"""
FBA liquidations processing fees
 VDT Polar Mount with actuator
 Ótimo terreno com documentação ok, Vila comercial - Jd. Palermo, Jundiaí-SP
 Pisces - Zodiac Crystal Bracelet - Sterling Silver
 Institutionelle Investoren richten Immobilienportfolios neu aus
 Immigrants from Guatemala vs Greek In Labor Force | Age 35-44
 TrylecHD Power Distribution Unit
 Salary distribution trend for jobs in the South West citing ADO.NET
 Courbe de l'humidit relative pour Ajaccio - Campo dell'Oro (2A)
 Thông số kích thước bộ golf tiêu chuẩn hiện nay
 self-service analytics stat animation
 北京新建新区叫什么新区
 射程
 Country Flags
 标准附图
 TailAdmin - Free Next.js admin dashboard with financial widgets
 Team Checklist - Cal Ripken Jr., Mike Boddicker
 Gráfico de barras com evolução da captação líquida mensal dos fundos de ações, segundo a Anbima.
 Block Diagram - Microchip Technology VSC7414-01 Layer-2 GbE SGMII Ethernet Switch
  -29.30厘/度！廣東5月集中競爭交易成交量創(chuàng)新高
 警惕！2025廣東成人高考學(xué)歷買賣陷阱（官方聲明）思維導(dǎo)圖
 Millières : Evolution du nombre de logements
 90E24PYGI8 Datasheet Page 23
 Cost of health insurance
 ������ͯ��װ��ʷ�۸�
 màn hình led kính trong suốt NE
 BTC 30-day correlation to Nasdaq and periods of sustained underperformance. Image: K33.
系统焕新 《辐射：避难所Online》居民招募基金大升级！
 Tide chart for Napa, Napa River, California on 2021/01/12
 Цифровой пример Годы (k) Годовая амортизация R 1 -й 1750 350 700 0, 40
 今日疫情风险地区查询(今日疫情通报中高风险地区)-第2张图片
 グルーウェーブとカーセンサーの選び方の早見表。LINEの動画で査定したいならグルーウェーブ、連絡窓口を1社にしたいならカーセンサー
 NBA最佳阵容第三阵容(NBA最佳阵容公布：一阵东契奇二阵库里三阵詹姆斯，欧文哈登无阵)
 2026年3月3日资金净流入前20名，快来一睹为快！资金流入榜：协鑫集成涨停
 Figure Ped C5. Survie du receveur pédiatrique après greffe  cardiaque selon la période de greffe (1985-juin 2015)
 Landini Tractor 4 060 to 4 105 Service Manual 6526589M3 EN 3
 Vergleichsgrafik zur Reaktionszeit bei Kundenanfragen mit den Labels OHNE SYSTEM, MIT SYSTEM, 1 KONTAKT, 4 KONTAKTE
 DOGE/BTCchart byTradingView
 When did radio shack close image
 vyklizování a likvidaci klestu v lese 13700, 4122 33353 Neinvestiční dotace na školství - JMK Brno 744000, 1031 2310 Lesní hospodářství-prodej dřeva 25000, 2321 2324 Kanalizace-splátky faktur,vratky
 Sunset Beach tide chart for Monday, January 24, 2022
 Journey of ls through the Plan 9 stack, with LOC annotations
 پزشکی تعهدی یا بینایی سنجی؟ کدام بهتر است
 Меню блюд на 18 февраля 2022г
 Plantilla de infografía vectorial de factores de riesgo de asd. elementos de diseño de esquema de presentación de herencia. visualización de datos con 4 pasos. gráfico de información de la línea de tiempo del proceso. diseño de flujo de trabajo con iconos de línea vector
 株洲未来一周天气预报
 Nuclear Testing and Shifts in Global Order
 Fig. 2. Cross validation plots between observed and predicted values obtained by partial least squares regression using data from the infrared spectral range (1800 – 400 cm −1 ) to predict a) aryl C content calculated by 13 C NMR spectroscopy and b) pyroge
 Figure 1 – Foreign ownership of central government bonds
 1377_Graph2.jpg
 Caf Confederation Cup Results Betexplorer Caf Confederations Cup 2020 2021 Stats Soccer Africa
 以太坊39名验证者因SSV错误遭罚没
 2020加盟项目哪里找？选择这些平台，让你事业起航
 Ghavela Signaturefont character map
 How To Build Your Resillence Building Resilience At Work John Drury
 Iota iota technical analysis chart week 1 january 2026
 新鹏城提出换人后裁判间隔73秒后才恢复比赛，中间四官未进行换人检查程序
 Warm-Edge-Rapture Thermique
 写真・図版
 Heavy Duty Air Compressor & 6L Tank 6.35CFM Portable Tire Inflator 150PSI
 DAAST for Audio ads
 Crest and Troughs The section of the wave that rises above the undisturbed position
"""
= Exercise details =
The response consists of the lines above that contain "with".

= Result =
 VDT Polar Mount with actuator
 TailAdmin - Free Next.js admin dashboard with financial widgets
 Journey of ls through the Plan 9 stack, with LOC annotations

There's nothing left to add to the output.